If 20 percent of Miamians contract COVID-19, Harvard researchers estimate, roughly a fifth of them will require hospitalization. If those cases are spread out over the next year, Miami might be able to meet the demand for hospital beds. However, if those hospitalizations happen within the same six months, the system will be pushed well beyond capacity, requiring 50 percent more beds than those available right now. That's why slowing the rate of infection through social distancing and isolation, known as "flattening the curve," is so important.
And that's the best-case scenario. In the Harvard team's "moderate" scenario, 40 percent of the adult population in the United States — or nearly 99 million Americans — would contract COVID-19. In the Miami area, a 40 percent infection rate would push hospitals past capacity even if infections were spread out over 18 months. If 40 percent of Miamians were to become infected in the next six months, hospitals would require more than 200 percent of their existing bed capacity to meet the demand.
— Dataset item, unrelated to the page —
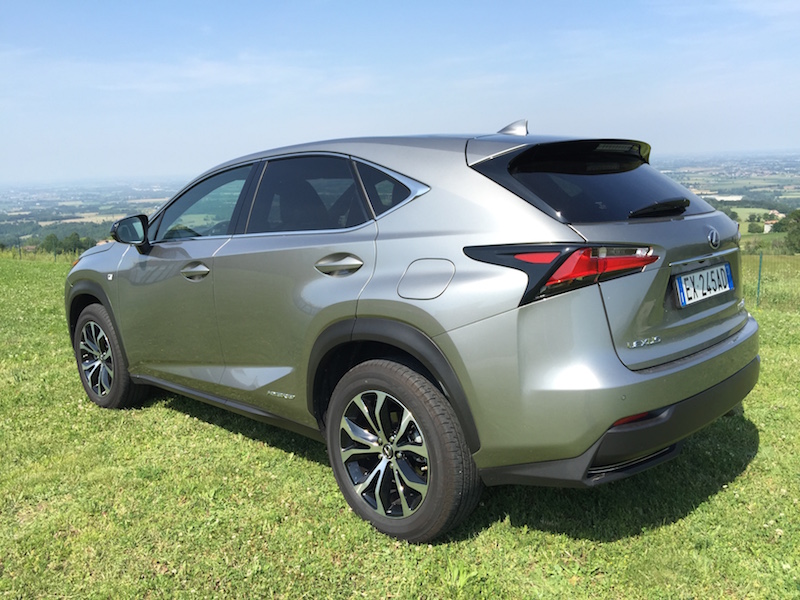 Lexus NX Hybrid il SUV perfetto anche in città Lexus NX Hybrid il SUV perfetto anche in città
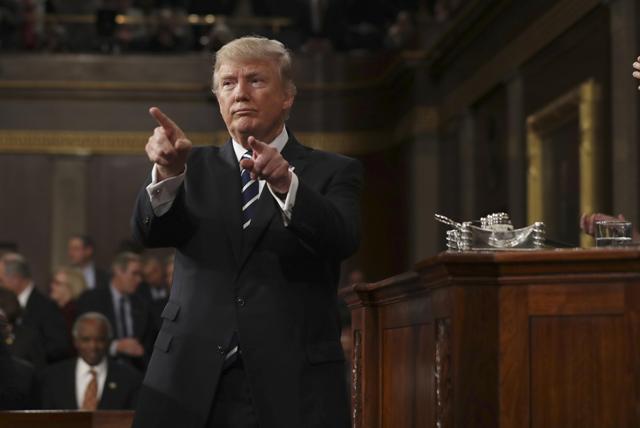 El presidente de EU, Donald Trump, en su primer discurso ante el Congreso.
In the Harvard researchers' worst-case scenario, the Miami area would need three times as many hospital beds than it has now if COVID-19 hit 60 percent of the local population in six months. And it would need two times as many beds if 60 percent of people became infected over 12 months.
The dangers of running up against bed capacity cannot be overstated. In northern Italy, doctors have been forced to make the kinds of difficult life-or-death decisions no physician would ever want to make, including treating only patients with a high chance of survival. Rationing care in this way is the darkest of scenarios, to be sure, but even in more positive projections, hospitals under strain will still be forced to limit the number of unnecessary treatments and surgeries unrelated to the novel coronavirus.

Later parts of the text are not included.